Offline Access: An app through powerful in-device caching can offer smooth offline access to content and certain features without requiring internet connectivity.
How to Build Native Mobile Apps?
Native mobile apps inherently platform-specific, and naturally, building and deploying them on each OS platform involves many technical challenges. This impacts the development cost and time for mobile app projects.
A mobile app needs to conform to each specific platform’s guidelines, design elements, and deployment attributes. There are certain cross-platform app development frameworks and tools that can ease the development process by reusing the code.

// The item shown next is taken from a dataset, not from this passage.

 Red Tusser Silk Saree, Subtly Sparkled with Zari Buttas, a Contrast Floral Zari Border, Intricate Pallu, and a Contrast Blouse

But suppose you choose to build a native app for one mobile platform at a time. In that case, you need to use particular languages and IDE (Integrated Development Environment) suitable for the target platform. For example, iOS apps require Objective-C or Swift programming language and XCode as the IDE. Android native apps need Java programming language. Android Studio and Eclipse are used as IDEs for the app projects.
How to Build Web Apps?
Web apps are basically built by using web frameworks. The standard and most widely used frameworks and technologies for developing web apps include JavaScript, CSS, and HTML5. Having a straightforward choice of technologies, web apps allow faster and less expensive development.
Considering the Development Cost
When it comes to the app development cost, obviously, web apps have an edge. In contrast, mobile apps, particularly native apps, can be highly expensive and involve considerable time.
To keep the development cost and time to a minimum, a time trusted approach is Minimum Viable Product (MVP), involving the development of an app with very basic and elementary features while remaining open to further value additions based upon feedback.
Conclusion
Both websites and mobile apps are invincible parts of digital marketing strategy. A business should plan for both systematically and gradually to make the maximum advantages of both.